L’azienda vitivinicola Mastroberardino è da sempre attenta a tutti gli aspetti d’impatto ambientale della filiera. L’obiettivo è la tutela del pianeta attraverso la salvaguardia delle risorse naturali, patrimonio comune alle generazioni future. L’impegno concreto si sostanzia in una politica aziendale partecipata e proattiva che coinvolge tutti: dipendenti, fornitori, collaboratori.
Le azioni concrete in vigna: prevenire è meglio che curare.
La conduzione dei suoli è attenta al contenimento dell’erosione, alla protezione e al ripopolamento delle aree boschive a difesa della biodiversità della flora e della fauna. La gestione agricola è tesa a una sostanziale riduzione dei trattamenti antiparassitari: il monitoraggio avanzato dell’andamento climatico e le operazioni preventive di difesa agronomica evitano l’insorgere di fitopatie per l’abbattimento sostanziale degli interventi fitosanitari. Tutti i nostri vigneti, sin dal 2004, rispondono alle logiche di produzione integrata: l’alternanza dei principi attivi riduce l’insorgere della resistenza dei funghi garantendo un impatto ambientale minimo. Grazie all’impiego di concimi organo-minerali a matrice umificata, riduciamo ulteriormente le emissioni di CO2 in atmosfera.
Il progetto VIVA. La sostenibilità nella vitivinicoltura in Italia.
Nell’ambito del nostro impegno verso la sostenibilità, abbiamo aderito sin dalla fase sperimentale al progetto nazionale VIVA (Vitivinicoltura Sostenibile), guidato dal Ministero dell’ambiente e teso a migliorare le prestazioni di sostenibilità della filiera vitivinicola in quattro ambiti di controllo: aria, acqua, territorio e vigneto. Lo scorso 9 aprile, presso lo stand aziendale al Vinitaly 2017, il Ministro dell’ambiente Gian Luca Galletti e il nostro Presidente Piero Mastroberardino hanno sottoscritto il nuovo protocollo del progetto che sviluppa ulteriormente le buone pratiche di sostenibilità e ottimizza le prestazioni aziendali rispetto a ciascuno dei quattro indicatori.
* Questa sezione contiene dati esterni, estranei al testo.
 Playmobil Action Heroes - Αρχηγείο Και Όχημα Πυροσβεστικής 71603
Le azioni concrete in cantina.
Le attività enologiche fanno uso di tecniche innovative il cui obiettivo è gestire i processi di vinificazione orientandoli al miglioramento dell’efficienza e alla riduzione dell’impiego di risorse naturali.
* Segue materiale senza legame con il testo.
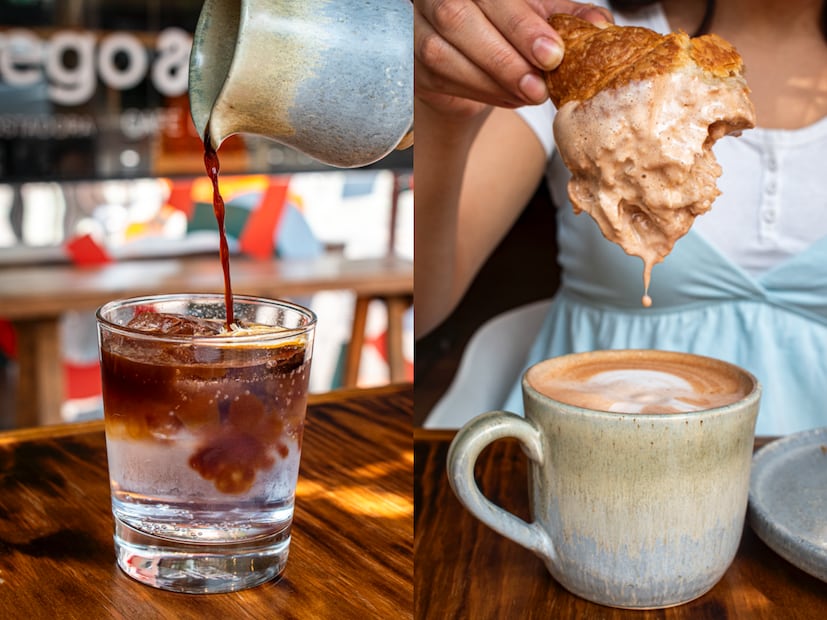 Fuego & Café acompaña sus bebidas con platillos como chilaquiles con huevo. Foto: Cortesía Fuego & Café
A partire dal 2007, abbiamo avviato un progetto di isolamento e caratterizzazione dei lieviti (microrganismi che naturalmente colonizzano le uve delle tenute aziendali) finalizzato a selezionare ceppi di lievito autoctoni. Il primo step del progetto ha riguardato le uve aglianico di Taurasi prelevate in diversi vigneti storici dell’azienda arrivando a isolare il ceppo “Selezione Italica ALICO”. Sono in corso di caratterizzazione ceppi di lievito isolati da uve Fiano e Greco. L’utilizzo dei lieviti presenti sulle uve irpine preserva la biodiversità del territorio e favorisce l’espressione più autentica dei caratteri sensoriali dei vini ottenuti dalle cultivar autoctone, contribuendo alla crescita qualitativa del territorio.
La certificazione del Sistema di Gestione Ambientale.
L’approccio integrato alla sostenibilità è stato completato nel mese di febbraio 2017 con l’ottenimento della certificazione del Sistema di Gestione Ambientale secondo la norma internazionale UNI EN ISO 14001:2015. Il rispetto di questa norma consente un pieno controllo del rischio ambientale attraverso un processo dinamico e ciclico teso al miglioramento continuo.